Con una longitud total de 563 metros y una altura máxima de 100 metros, el puente San Juan del Libramiento Palmillas-Apaseo, es por la complejidad de su construcción, el trabajo más difícil, pues además de las dificultades de la construcción, los trabajadores deben cuidarse incluso de los toros de lidia de una ganadería adyacente a la obra.

En entrevista el ingeniero Raúl Navarro Trejo, superintendente de Construcción de la empresa ICA, dijo que la construcción del puente San Juan, explicó que junto con el puente Tuna Mansa, son las obras más complejas del libramiento, estimando que concluya su construcción en mayo de 2016.

“Estamos tratando de incrementar nuestra fuerza de trabajo para acortar tiempos. Aproximadamente son 120 personas que van a estar laborando en esta obra, entre fierreros, albañiles, carpinteros y ayudantes generales”, indicó.

Explicó que la construcción se realiza con estructura de concreto con columnas huecas, cuya característica es que es un puente empujado, pues no es montado a través de grúas o lanzado con un equipo.

“Es un puente el cual fabricamos, con dovelas metálicas, fabricadas con acero estructural, especial para la fabricación de puentes. Toda esa estructura la estamos realizando en Guadalajara (Jalisco), va a venir armada”, agregó.
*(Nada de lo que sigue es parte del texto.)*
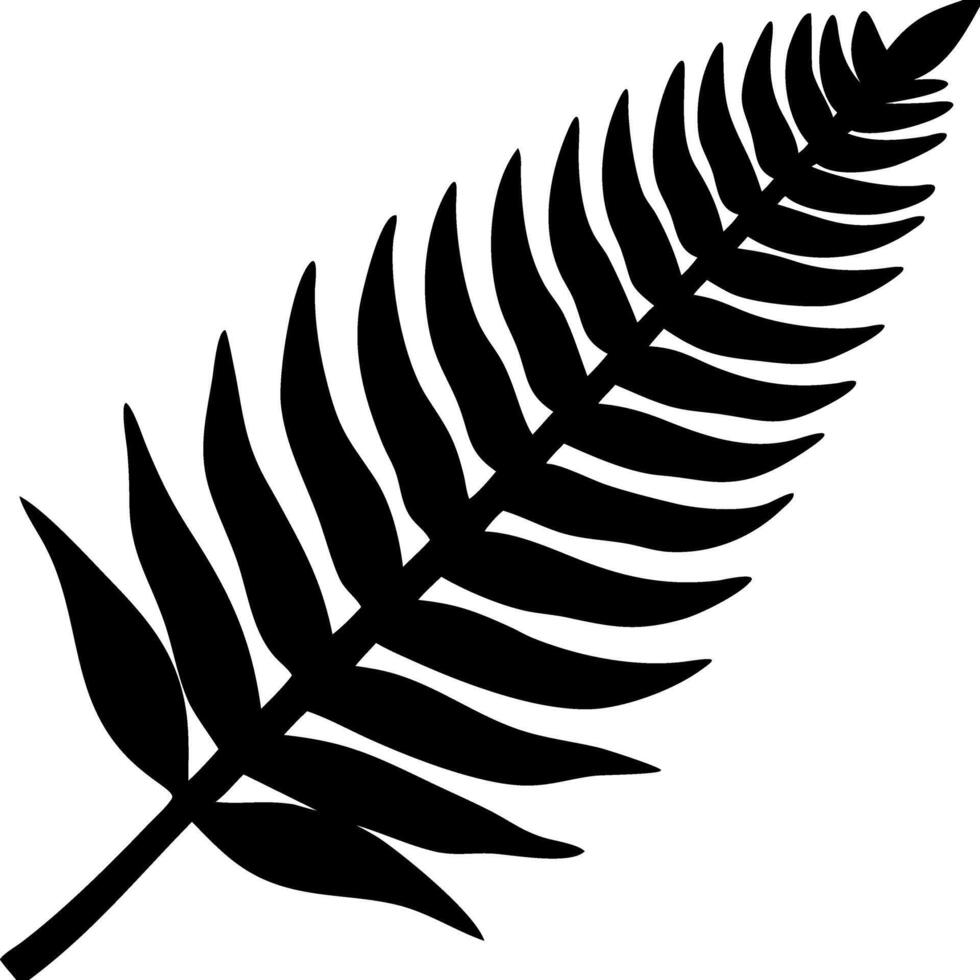 Black Silhouette Fern Leaf for Botanical Art and Design Projects vector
Precisó que para el “empuje” del puente se usarán gatos hidráulicos con potencia suficiente para agarrar el puente y empujarlo, siendo este proceso en etapas sucesivas, al tiempo que comentó que el puente pesa dos millones de kilogramos, que es lo que se empujará paulatinamente hasta llegar al otro lado.

Para la construcción también hacen uso de grúas, empleadas para elevar la cimbra con la que van colando, proceso similar al que se usa en el puente Tuna Mansa, con 203 metros de longitud una altura máxima de 80 metros.

Precisó que trabajan seis días a la semana y van a aumentar a dos turnos diarios, trabajando los domingos cuando es necesario, sin que se haya detenido la obra.

El libramiento pasa por terrenos de una ganadería de reses bravas, situación que dijo Navarro Trejo tienen controlada, pues los toros están confinados, pues los mismos ganaderos vigilan que los astados no estén próximos a las obras.

“Contamos con personal de seguridad que está a diario, toda la jornada de trabajo, y están al pendiente de todo esto. Tenemos paramédicos, un doctor que está con nosotros, una ambulancia de la Cruz Roja y un consultorio para cualquier eventualidad”, subrayó.

Puntualizó que enfrentarse a la naturaleza no es sencillo, pues hay que efectuar barrenaciones (explosiones) controladas, usar explosivos, autorizados por la Sedena, además de sacar ese material del lecho del Río San Juan para no cerrar el cauce.